_YOUR TASK_: Set down the entries below exactly; drop the pictures.

── RECORDS TO PROCESS

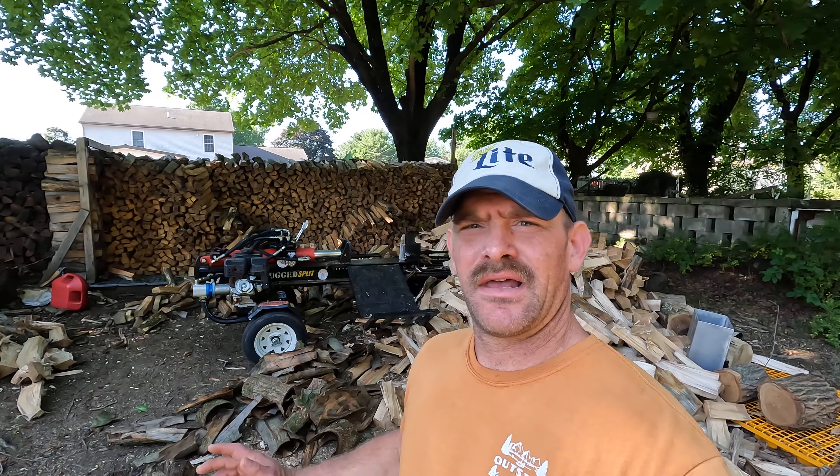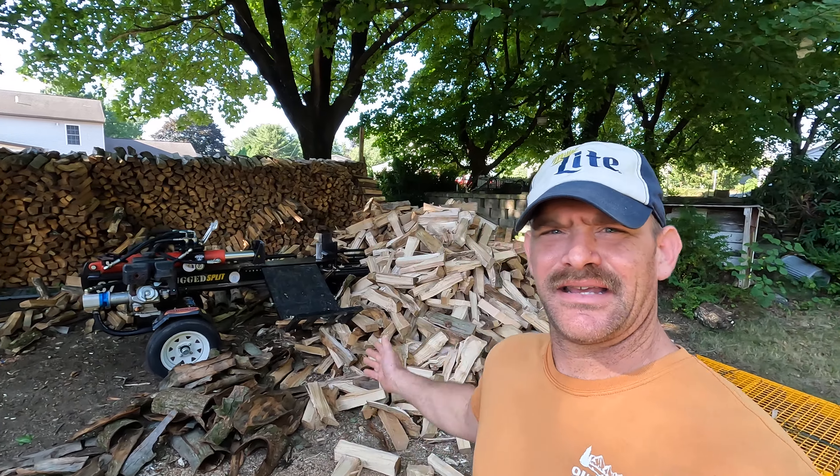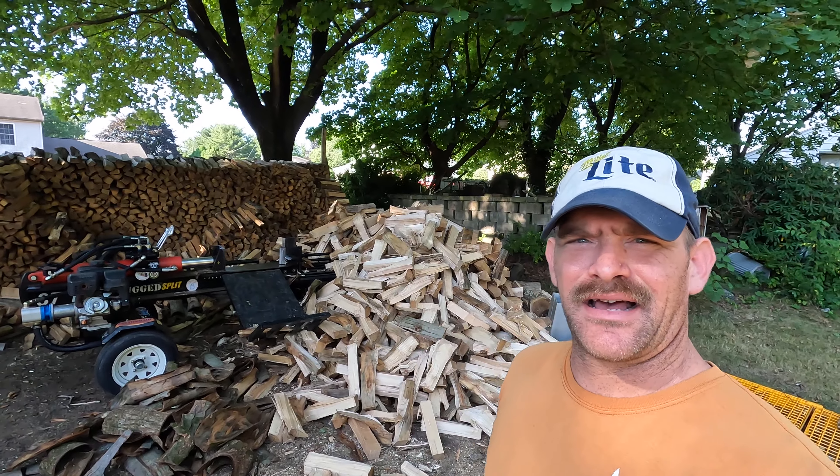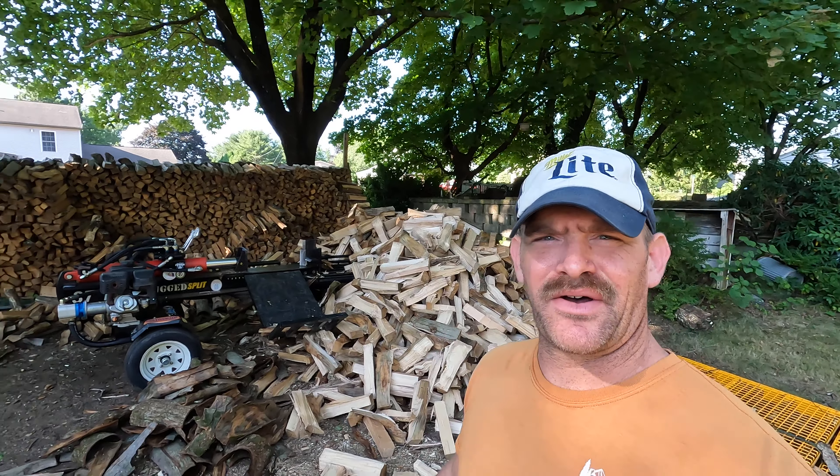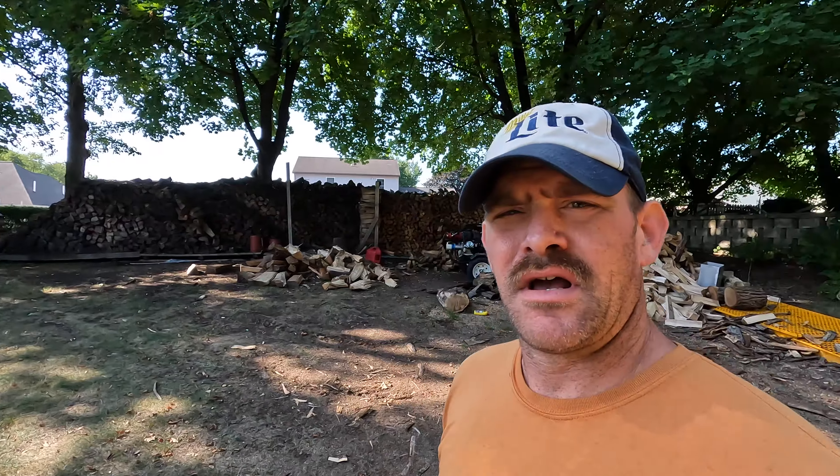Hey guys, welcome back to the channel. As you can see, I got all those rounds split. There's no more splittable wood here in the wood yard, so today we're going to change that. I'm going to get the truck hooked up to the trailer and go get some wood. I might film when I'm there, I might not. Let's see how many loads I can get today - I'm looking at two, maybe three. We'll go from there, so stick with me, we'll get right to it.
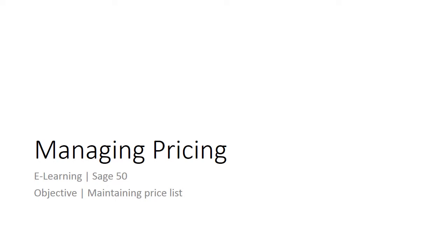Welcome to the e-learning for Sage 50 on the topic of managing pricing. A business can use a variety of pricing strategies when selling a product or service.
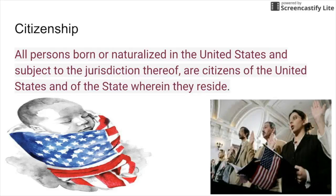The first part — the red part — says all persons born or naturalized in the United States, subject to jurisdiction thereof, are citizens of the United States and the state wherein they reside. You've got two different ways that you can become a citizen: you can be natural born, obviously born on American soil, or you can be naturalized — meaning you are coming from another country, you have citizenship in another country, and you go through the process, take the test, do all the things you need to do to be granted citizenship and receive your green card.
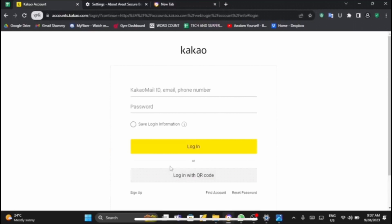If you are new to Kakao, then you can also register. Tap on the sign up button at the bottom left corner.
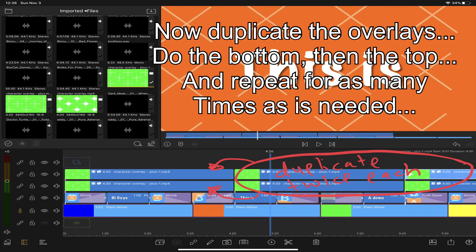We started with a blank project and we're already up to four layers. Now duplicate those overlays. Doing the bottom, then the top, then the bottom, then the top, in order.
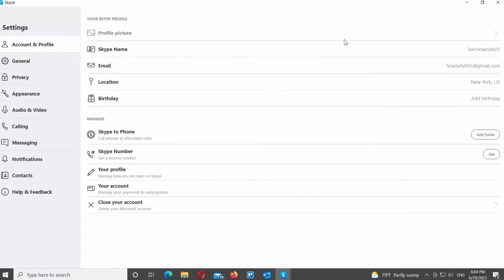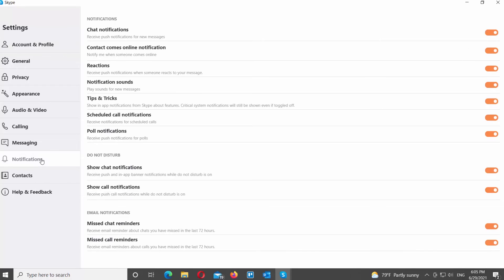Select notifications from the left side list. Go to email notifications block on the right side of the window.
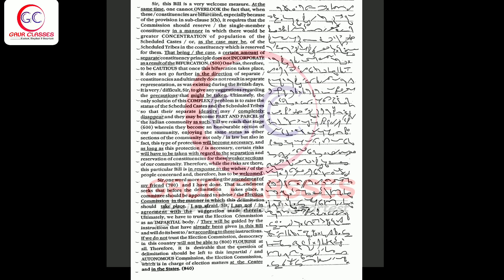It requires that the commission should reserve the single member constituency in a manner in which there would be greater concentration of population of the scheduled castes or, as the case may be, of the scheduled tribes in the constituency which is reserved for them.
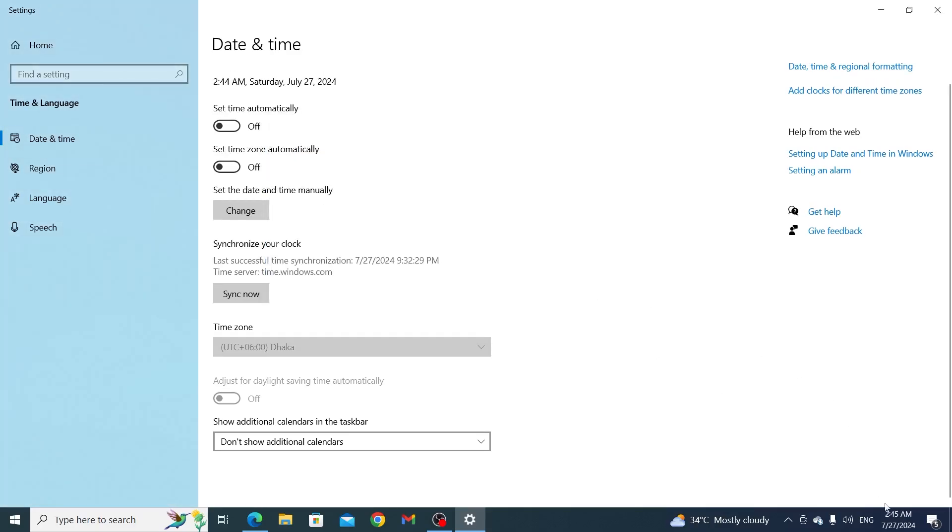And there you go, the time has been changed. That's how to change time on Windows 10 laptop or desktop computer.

────

_TASK OUTPUT_:
Hey guys, welcome back to the channel. As you can see, I got all those rounds split. There's no more splittable wood here in the wood yard, so today we're going to change that. I'm going to get the truck hooked up to the trailer and go get some wood. I might film when I'm there, I might not. Let's see how many loads I can get today - I'm looking at two, maybe three. We'll go from there, so stick with me, we'll get right to it.
Welcome to the e-learning for Sage 50 on the topic of managing pricing. A business can use a variety of pricing strategies when selling a product or service.
The first part — the red part — says all persons born or naturalized in the United States, subject to jurisdiction thereof, are citizens of the United States and the state wherein they reside. You've got two different ways that you can become a citizen: you can be natural born, obviously born on American soil, or you can be naturalized — meaning you are coming from another country, you have citizenship in another country, and you go through the process, take the test, do all the things you need to do to be granted citizenship and receive your green card.
If you are new to Kakao, then you can also register. Tap on the sign up button at the bottom left corner.
We started with a blank project and we're already up to four layers. Now duplicate those overlays. Doing the bottom, then the top, then the bottom, then the top, in order.
Select notifications from the left side list. Go to email notifications block on the right side of the window.
It requires that the commission should reserve the single member constituency in a manner in which there would be greater concentration of population of the scheduled castes or, as the case may be, of the scheduled tribes in the constituency which is reserved for them.
And there you go, the time has been changed. That's how to change time on Windows 10 laptop or desktop computer.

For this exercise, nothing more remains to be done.